Finally in Paris – didn’t think I’d be as excited as I am [..] We got here about 11 p.m. [..] We went for a walk – I just couldn’t resist – we’re in the Latin Quarter off Bvd. St. Germain – not far from the university, Bvd. St Michel & a few blocks from the Seine & Notre Dame & all that – Super! Hotel is fine, not sure where one (if one) takes a bath/shower – sink & bidet in the room…

Spent today photographing shows where there were too many people before (at opening) – left Lausanne at 5.30.

Switzerland was very expensive – France is too, but just a little less so. Since we’re here a bit longer, will really be able to manage the meals of wine/cheese etc. – weren’t long enough in Lausanne – especially as today was Sunday & there everything (markets etc.) were closed.

—————–

18.06.79
[Lausanne. Place de la Fontaine de la Palud]

Lausanne card, but really am in Paris — Today we were all off on our own (or in twos) etc. — Michelle organizing things for the next few days — I started out with previous room mate — to practise catching Metro etc — then most afternoon on own — shopped for food and bought a little pot to boil water in — so very nice to be here — walked past where Jo & I stayed — we’re a few blocks from there — didn’t go to any museums or sights — just walked back to have my wine & cheese — nice to be able to more or less do without a map (though I have one) — I’m surprised at how excited I am to be in Paris — didn’t expect that! Don’t feel need to rush off & see or do everything — just be here — however, programme gets under way again tomorrow & that’s nice too — especially for me — will be places & shows I haven’t seen. Remember us at Eiffel, Montmartre etc. & that’s nice.

———–

19.06.79
[Paris. Perspective sur la Seine et l’Île de la Cité. Au-delà du Pont des Arts et du Pont Neuf on aperçoit la Conciergerie, la Ste-Chapelle et Notre-Dame]

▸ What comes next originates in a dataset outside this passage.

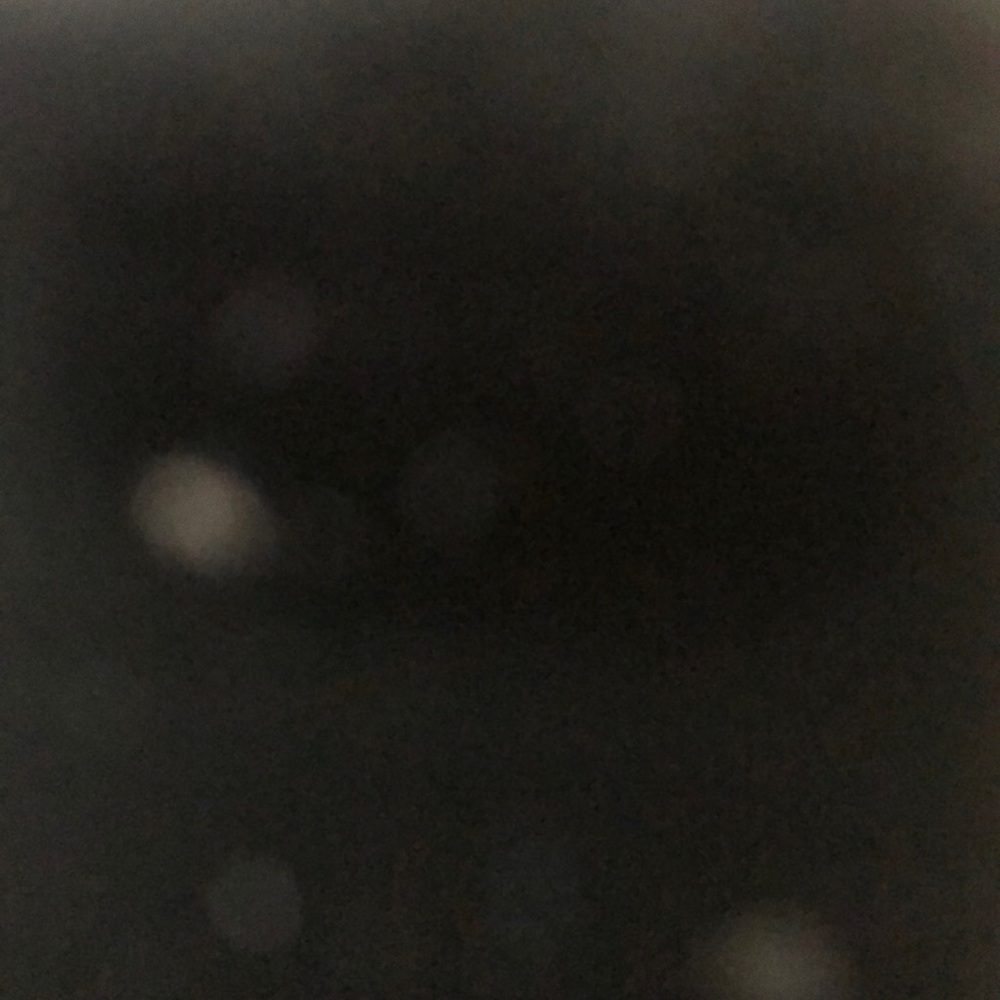 Meet your Posher, Abbey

Went today to see an exhibition of crafts, including some fine weaving, at Canadian House — Mariette there too (she arranged the exhibition — big wheel in Canada Council) — apparently it has been well received by the super critical French — In the afternoon off to see a large exhibition of tapestries in the Grand Palais — some good, some bad, but really good to be able to see so much — to look & look & look — I have about a ton of slides and catalogues — then in the evening we decided to all have a picnic in the Luxembourg Gardens — so everyone went shopping for bread, wine, cheese, fruit etc — it was great — (there’s a food market across from our hotel — today it was open — super stuff!) Tomorrow we’re off to see the Gobelin tapestry factory — we really do lots of walking, though the wine etc. probably cancels all the benefits. Traffic in Paris is incredible — it is really “creative driving” — don’t know how they survive (but most cars are dented & scratched anyway) — I have some Polish vodka for you.

—————

20.06.79
[Paris. Centre National d’Art et de Culture Georges-Pompidou, vue aérienne]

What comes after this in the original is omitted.